Unix Tools and the FITO Category Mistake: Crash Consistency and the Protocol Nature of Persistence
Paul Borrill
TL;DR
FITO analysis demonstrates that the assumption of instantaneous atomic state transitions constitutes a category mistake at every layer of the computing stack -- from ext4 journaling and delayed allocation, through fsync failure semantics, NVMe Flush/FUA device behavior, and Linux restartable sequences.
Abstract
Unix tools such as ls, cp, mv, and rename expose a filesystem abstraction that appears to present a single, authoritative state evolving through atomic transitions. This abstraction is false. We present a systematic Forward-In-Time-Only (FITO) analysis demonstrating that the assumption of instantaneous atomic state transitions constitutes a category mistake at every layer of the computing stack -- from ext4 journaling and delayed allocation, through fsync failure semantics, NVMe Flush/FUA device behavior, and Linux restartable sequences, down to the x86-64 CPU's own inability to guarantee atomic supervisor entry under Non-Maskable Interrupts. We prove a formal impossibility result: no syscall-based persistence primitive can define a commit boundary under failure, because the syscall return value is consistent with multiple materially different persistence states across Linux filesystems. We identify cross-layer temporal assumption leakage as the structural mechanism by which the category mistake propagates, and show that the entire storage stack forms a recursive chain of non-atomic dependencies whose apparent atomicity reflects mathematical impossibility (Herlihy, 1991), not merely engineering deficiency.

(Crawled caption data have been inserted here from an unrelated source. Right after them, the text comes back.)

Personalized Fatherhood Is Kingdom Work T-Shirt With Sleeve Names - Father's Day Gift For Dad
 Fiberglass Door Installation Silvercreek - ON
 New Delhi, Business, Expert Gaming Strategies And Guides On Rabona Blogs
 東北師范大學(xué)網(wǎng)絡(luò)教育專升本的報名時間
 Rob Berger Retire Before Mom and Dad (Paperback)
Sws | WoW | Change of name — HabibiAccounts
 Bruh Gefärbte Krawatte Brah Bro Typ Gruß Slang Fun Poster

An appendix documents the real-world consequences: cascading cloud outages at Google, AWS, Meta, and Cloudflare driven by retry amplification; database corruption from fsync failures in PostgreSQL, etcd, and MySQL; silent data corruption at CERN, NetApp, and Meta; AI training waste consuming 12--43% of compute budgets at scale; and financial system failures totaling billions of dollars annually. These consequences trace to a single structural cause: systems designed around the FITO assumption, compensating for its failure with retry-and-recover protocols that amplify the very failures they attempt to mask.